Start of Entries provided
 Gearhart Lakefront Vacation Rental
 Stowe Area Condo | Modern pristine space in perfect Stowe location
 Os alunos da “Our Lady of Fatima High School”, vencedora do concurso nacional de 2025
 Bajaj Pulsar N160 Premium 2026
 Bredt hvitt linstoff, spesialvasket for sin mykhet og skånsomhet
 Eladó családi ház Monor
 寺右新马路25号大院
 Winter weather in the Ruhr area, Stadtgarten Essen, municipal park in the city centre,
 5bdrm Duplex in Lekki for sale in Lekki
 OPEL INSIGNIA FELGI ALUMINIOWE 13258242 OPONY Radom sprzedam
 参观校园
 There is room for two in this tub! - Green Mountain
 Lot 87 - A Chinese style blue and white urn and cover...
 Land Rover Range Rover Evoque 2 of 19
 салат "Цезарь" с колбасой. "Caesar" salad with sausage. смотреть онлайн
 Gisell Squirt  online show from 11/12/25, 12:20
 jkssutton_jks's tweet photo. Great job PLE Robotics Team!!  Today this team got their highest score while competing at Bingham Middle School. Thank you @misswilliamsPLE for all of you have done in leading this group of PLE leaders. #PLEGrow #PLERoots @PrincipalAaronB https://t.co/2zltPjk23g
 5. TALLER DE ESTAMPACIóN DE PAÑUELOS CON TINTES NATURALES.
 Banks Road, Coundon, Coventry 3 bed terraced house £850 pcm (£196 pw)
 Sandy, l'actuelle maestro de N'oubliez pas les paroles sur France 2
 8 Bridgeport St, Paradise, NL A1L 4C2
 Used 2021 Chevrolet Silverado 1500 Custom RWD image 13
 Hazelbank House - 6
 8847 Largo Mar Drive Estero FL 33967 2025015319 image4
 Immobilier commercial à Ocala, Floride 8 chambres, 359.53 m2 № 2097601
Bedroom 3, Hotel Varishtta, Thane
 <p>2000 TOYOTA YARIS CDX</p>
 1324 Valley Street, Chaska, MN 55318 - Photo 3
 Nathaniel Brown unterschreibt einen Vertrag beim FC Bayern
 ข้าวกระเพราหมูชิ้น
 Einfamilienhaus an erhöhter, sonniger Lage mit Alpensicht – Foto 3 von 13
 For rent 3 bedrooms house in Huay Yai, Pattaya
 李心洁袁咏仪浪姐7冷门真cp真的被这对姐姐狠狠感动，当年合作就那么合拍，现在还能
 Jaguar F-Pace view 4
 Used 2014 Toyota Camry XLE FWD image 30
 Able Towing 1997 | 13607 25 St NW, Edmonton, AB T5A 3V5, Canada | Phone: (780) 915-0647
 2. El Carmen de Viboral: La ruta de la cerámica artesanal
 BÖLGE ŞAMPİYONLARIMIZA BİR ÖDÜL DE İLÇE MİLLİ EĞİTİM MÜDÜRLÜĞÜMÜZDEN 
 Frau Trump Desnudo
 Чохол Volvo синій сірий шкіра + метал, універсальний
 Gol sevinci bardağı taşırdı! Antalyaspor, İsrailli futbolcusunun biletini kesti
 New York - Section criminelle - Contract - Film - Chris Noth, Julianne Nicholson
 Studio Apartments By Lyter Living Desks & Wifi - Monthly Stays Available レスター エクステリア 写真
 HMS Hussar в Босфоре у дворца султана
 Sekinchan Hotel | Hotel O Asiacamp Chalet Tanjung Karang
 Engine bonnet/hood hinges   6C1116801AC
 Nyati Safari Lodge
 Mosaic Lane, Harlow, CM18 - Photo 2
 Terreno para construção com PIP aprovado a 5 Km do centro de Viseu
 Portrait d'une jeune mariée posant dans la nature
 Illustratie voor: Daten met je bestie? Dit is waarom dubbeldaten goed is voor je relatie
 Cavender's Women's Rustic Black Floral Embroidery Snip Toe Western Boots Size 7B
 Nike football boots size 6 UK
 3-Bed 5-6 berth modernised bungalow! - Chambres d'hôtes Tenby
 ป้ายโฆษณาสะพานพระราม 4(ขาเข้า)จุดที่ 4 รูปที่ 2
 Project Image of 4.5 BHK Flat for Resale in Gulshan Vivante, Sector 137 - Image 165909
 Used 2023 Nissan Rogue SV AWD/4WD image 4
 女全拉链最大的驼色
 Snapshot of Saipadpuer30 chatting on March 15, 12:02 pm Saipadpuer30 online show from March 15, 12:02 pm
End of Entries provided
• **Task instructions**
For this exercise, gather every line of the data that contains the word "School".

• **Solution for this problem**
 Os alunos da “Our Lady of Fatima High School”, vencedora do concurso nacional de 2025
 jkssutton_jks's tweet photo. Great job PLE Robotics Team!!  Today this team got their highest score while competing at Bingham Middle School. Thank you @misswilliamsPLE for all of you have done in leading this group of PLE leaders. #PLEGrow #PLERoots @PrincipalAaronB https://t.co/2zltPjk23g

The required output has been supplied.